Outline: Mathematical background and problem statement. Continuous-time systems: models, block diagrams, open-loop and closed-loop control. Feedback: Performance, unit step response, effect of pole locations, dominant poles and model order reduction. PID control and effect on dominant pole location. Stability: Pole location and stability. Type: steady-state error, system type. Root locus: control system design using root locus. Bode Plots: frequency response, Bode plots and system identification, control system design using frequency response. Nyquist plot: Nyquist stability criterion, stability margins, relationship to dominant pole locations, lead/lag controller design. State-space: State space models, stability, controllability and observability, linear full-state feedback and pole-placement. Luenberger observer: Observer design using pole placement. Digital control: Zero order hold, equivalent discrete-time systems, digital PID and linear state feedback control design.
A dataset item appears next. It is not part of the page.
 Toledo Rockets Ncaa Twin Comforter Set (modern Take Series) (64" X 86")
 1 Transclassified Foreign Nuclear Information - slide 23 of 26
Learning Outcomes Rationale:

LO1: A critical component of control theory, and indeed of engineering in general, is the translation of the engineering problem (good system behaviour) into a purely mathematical problem (root locations of polynomials). An appropriate sense of what specifications are reasonable needs to be developed. Also the student needs to develop an ability to recognise when a purported solution is purely academic and when it is realistic, i.e. when it is forgiving of the idealisations and approximations made in the process of acquiring the model. The requirements of safety and, in particular, of the need to fail safe are paramount. The ability to identify the presence of non-minimum phase zeros and to appreciate the deleterious effect of such zeros on system performance is of great importance, both for control and for system modelling in general. The terminology of this field is widespread in engineering practice as are several of its key ideas, most notably negative feedback.

LO2: PID controllers remain dominant in the field. The proper design of such controllers, and of controllers in general, can improve safety, decrease wear, raise productivity and reduce energy consumption (although of course the latter phrase, although ubiquitous, is in error. We do not consume energy, since energy must be conserved, actually we raise entropy). Human experts always produce PID designs which comfortably outperform self-tuning controllers. Linear state-feedback can, in principal, achieve even more significant gains in performance. The benefit, both to economy and environment, cannot be overstated. The use in design of the package MATLAB is standard, both in academia and in industry.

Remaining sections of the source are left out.